* _To do_
Each line from the start of the records through the line containing "Sram PC XX1 Eagle – Zboží Dáma" is to be transcribed exactly, and no other line is to be included.

* _Supplied material_
..............................

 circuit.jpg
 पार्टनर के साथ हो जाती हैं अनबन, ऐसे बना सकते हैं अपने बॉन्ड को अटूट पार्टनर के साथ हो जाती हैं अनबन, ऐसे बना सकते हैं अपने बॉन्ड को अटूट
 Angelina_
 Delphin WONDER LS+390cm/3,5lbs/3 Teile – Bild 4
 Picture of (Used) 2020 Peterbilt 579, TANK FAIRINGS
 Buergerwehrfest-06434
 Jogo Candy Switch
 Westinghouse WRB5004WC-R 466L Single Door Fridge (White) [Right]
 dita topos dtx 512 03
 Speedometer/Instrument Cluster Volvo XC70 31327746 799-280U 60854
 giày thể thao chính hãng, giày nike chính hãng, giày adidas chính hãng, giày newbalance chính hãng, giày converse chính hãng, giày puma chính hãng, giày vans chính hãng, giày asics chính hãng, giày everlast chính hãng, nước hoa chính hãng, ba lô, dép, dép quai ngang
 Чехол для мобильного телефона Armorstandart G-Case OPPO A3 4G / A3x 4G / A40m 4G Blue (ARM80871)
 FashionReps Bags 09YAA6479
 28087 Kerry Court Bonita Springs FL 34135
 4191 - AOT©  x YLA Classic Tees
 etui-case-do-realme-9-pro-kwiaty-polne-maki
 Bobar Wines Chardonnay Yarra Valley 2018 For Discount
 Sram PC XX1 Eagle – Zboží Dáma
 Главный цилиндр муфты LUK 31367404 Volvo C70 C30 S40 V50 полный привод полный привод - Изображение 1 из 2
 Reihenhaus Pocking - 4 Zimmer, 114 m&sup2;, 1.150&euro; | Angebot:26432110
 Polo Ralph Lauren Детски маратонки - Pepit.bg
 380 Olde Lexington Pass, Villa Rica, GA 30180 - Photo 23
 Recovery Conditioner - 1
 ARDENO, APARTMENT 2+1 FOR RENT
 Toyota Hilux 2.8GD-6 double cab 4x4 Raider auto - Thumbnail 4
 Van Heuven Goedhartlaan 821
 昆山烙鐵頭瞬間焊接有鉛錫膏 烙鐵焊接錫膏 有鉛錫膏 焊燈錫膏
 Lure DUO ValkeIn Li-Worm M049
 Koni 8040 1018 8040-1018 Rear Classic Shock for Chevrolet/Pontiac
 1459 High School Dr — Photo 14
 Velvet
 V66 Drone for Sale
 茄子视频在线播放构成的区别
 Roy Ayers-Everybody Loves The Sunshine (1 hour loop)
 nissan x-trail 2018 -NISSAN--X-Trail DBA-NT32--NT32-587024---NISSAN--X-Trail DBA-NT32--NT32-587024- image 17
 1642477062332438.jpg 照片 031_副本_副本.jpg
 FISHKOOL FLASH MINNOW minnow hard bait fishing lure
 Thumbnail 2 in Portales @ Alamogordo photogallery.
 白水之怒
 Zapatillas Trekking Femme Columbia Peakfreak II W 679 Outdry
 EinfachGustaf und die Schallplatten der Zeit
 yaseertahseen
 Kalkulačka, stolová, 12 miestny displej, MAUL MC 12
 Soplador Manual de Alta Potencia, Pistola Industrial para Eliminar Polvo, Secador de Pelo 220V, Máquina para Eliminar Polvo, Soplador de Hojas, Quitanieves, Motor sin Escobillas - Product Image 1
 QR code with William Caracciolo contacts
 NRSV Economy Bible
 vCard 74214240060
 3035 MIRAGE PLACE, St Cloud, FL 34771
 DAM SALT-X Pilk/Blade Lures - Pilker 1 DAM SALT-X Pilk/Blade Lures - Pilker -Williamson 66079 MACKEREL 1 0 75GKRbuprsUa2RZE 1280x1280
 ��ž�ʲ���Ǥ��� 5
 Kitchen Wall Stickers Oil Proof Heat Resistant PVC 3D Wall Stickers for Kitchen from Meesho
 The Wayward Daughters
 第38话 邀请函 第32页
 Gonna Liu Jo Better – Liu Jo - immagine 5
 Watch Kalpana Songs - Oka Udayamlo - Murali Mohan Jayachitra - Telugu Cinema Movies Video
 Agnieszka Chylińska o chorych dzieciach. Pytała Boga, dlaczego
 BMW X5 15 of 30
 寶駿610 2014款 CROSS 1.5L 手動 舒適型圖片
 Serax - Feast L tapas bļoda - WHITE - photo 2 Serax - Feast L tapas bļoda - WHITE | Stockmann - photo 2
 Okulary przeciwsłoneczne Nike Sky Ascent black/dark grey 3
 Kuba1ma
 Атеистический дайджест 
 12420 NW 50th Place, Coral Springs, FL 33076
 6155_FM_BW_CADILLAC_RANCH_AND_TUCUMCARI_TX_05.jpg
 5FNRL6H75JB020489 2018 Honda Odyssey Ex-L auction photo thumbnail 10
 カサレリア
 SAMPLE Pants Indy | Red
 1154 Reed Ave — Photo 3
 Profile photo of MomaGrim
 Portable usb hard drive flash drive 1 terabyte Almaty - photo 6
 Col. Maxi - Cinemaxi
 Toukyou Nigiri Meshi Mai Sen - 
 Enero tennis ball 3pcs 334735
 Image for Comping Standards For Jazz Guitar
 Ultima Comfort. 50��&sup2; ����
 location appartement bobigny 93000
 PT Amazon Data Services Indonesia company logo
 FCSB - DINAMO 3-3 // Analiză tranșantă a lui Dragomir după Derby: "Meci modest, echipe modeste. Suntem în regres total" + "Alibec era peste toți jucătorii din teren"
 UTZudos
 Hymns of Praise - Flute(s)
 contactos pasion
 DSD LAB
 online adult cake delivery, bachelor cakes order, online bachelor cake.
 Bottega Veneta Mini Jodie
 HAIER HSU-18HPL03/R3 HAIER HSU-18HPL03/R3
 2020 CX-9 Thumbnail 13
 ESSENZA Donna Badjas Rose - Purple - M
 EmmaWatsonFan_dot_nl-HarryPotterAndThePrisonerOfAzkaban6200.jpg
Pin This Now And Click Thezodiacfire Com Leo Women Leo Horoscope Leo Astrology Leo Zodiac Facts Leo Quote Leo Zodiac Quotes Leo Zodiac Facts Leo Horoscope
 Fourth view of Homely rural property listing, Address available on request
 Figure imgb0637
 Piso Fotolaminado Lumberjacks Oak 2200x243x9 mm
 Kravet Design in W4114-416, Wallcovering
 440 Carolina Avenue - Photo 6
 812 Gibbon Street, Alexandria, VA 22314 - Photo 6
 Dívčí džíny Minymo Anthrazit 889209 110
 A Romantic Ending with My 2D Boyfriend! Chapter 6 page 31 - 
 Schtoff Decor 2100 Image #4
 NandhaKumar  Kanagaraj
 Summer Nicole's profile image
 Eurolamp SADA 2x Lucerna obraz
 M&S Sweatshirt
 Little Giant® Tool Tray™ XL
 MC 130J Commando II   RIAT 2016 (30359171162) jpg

..............................

* _Result_
 circuit.jpg
 पार्टनर के साथ हो जाती हैं अनबन, ऐसे बना सकते हैं अपने बॉन्ड को अटूट पार्टनर के साथ हो जाती हैं अनबन, ऐसे बना सकते हैं अपने बॉन्ड को अटूट
 Angelina_
 Delphin WONDER LS+390cm/3,5lbs/3 Teile – Bild 4
 Picture of (Used) 2020 Peterbilt 579, TANK FAIRINGS
 Buergerwehrfest-06434
 Jogo Candy Switch
 Westinghouse WRB5004WC-R 466L Single Door Fridge (White) [Right]
 dita topos dtx 512 03
 Speedometer/Instrument Cluster Volvo XC70 31327746 799-280U 60854
 giày thể thao chính hãng, giày nike chính hãng, giày adidas chính hãng, giày newbalance chính hãng, giày converse chính hãng, giày puma chính hãng, giày vans chính hãng, giày asics chính hãng, giày everlast chính hãng, nước hoa chính hãng, ba lô, dép, dép quai ngang
 Чехол для мобильного телефона Armorstandart G-Case OPPO A3 4G / A3x 4G / A40m 4G Blue (ARM80871)
 FashionReps Bags 09YAA6479
 28087 Kerry Court Bonita Springs FL 34135
 4191 - AOT©  x YLA Classic Tees
 etui-case-do-realme-9-pro-kwiaty-polne-maki
 Bobar Wines Chardonnay Yarra Valley 2018 For Discount
 Sram PC XX1 Eagle – Zboží Dáma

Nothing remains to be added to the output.